YERELDEN VE YERİNDEN YÖNETİM
Bir değişim ve dönüşüm süreci içerisine girdiğimiz şu süreçte, yönetsel anlamda bazı yaşadığımız güçlükler ve zorluklar var, işte Büyükşehir yasasından kaynaklı ilçelerin paylarının ve yetki güçlerinin azaldığı bir süreç içerisindeyiz. Bir beş yıl yaşadık, yeni bir beş yıla başladık. Bunlarla ilgili de bildiğiniz gibi şu anda Çevre Şehircilik Bakanlığımız ve bununla ilgili kişi ve kurumlarımız bir komisyon marifetiyle çalışıyorlar. Benim arzu ettiğim şu; ilçemize artı bir şey daha verilsin diye değil, ihtiyacımız ile hakkımız olan, hak ettiğimiz ilçe paylarının yetkilerinin bu ilçelere bırakılması. Çünkü partimizin de mesela yönetim ilkesi “yerelden ve yerinden yönetim”dir. Biz şu anda bunu 30 tane büyük şehre kadar indirgedik, ancak tabii merkezden uzak ve büyük parçaları daha yerinden yönetme zorunluluğu olduğunu düşünüyorum. Burada amacımız bu şehir güzel bir şehir ülkesine, devletine, milletine her zaman bir şeyler veren bir şehir. 1 milyar dolar şu anda ihracat yapıyoruz. 81 vilayetimiz var, bunları sıraladığımızda 22. sırada İnegöl'ü görüyorsunuz. Yani şimdi benim bunları söylemem de ki gayem,  bu iyileştirmeler yapılırsa bu şehir 22'den 10’a zıplayabilir. Bu da tabii bizim Sayın Cumhurbaşkanımızın 2023’deki ihracat hedefi 500 milyar dolardı. Neden İnegöl 1 milyarda kalsın ki,  3 hatta 5 milyarı hedeflesin. Bunun önündeki engelleri kaldığınız da bunun olmaması için hiçbir neden yok. Ben önden gitmiş olurum, kurum olarak şehir olarak. Dolayısıyla önden gittiğinizde sanayici, işletmeci yatırımcı imalathaneci, üretici vs bu şehirde imkan var, altyapı var müşterilerimizi buraya çekebiliriz yatırımlarımızı arttırabiliriz 
 
GÜZEL İZLER BIRAKMALIYIZ
• Başkanım sizi % 63.57 gibi bir oyla seçen İnegöl halkına son olarak neler söylemek istersiniz?

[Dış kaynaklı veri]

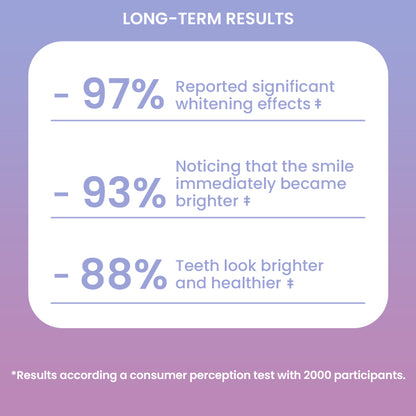 LIMETOW® Smile Pen
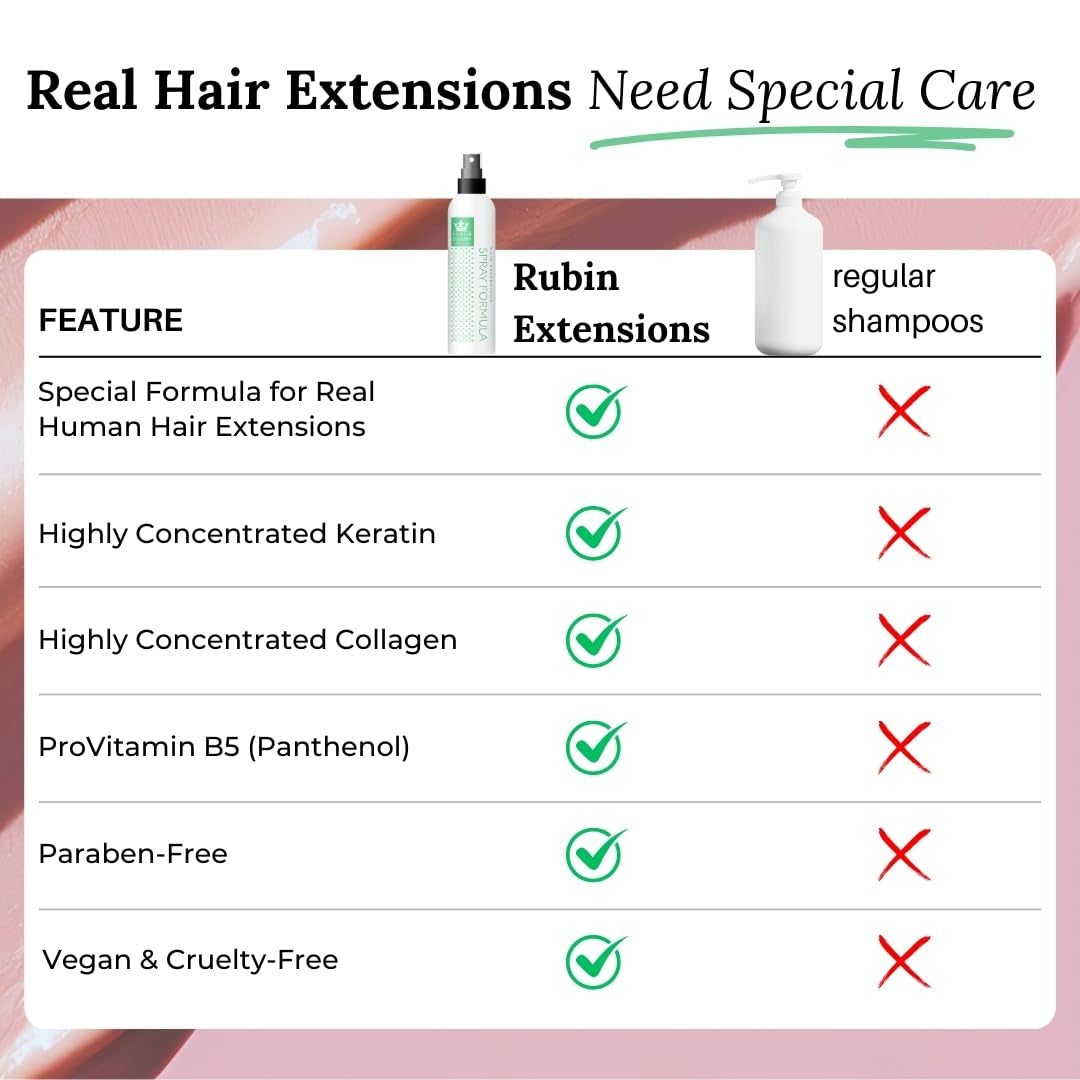 Spray bifásico para el cuidado de extensiones de cabello humano | queratina, colágeno y B5 altamente concentrados | protección y brillo para extensiones de cinta de cabello humano | ideal para extensiones de cabello humano y trenzas de cabello humano | Pack 2 productos para desenredar el cabello Naty Shop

Elbette, şöyle stratejik planımızı yaptık aslında buna bağlı kalacak şekilde çalışmalarımızı son güne kadar sürdüreceğiz. Seçilmeden önce duam “Allah'ım hayırlısı neyse sen onu nasip eyle” idi, demek ki diyorum Allah nasip etti görevi aldık. Sonrasında duamız, “Allah'ım ne olur bizleri mahcup etme” bu bilinçle çalışıyoruz. Bu heyecanı kendimde görüyorum, bu heyecanınız yoksa da bu işi yapmamanız gerektiğini düşünüyorum laf olsun diye yapılacak bir iş değil. Seçmenlerimize, ilçe halkımıza o kadar minnettarım ki; yani beni ömrü hayatımda inanılmaz derecede onure ettiler. Bu benim sırtımda büyük bir yük ve ben o insanlara mahcup olmamalıyım, günü ve saati geldiğinde en güzel işleri başarmış, yapmış bir Belediye Başkanı olarak o emaneti onlara veriyor olmam lazım. Dolayısıyla bu bilinçle çalışacağım, vatandaşımı sürekli dinliyorum. Çünkü neden? Onlar gündemi belirliyor, süreci belirliyor, ihtiyaçların ne olduğunu, tespitlerin ne olduğunu onlardan alıyorum, can kulağıyla dinliyorum yani öğle söyleyeyim. Ve o gelen bildirimler sayesinde de beraberinde üretmeye devam ediyoruz. Ben ilçe halkımıza desteğinden, katkısından dolayı çok teşekkür ediyorum hiç şüpheleri olmasın Allah'ın izniyle bu emaneti onlara en güzel bir şekilde geri döndüreceğim kendimize güveniyorum, ekibime güveniyorum, hepsine selamlarımı, saygılarımı iletmek istiyorum.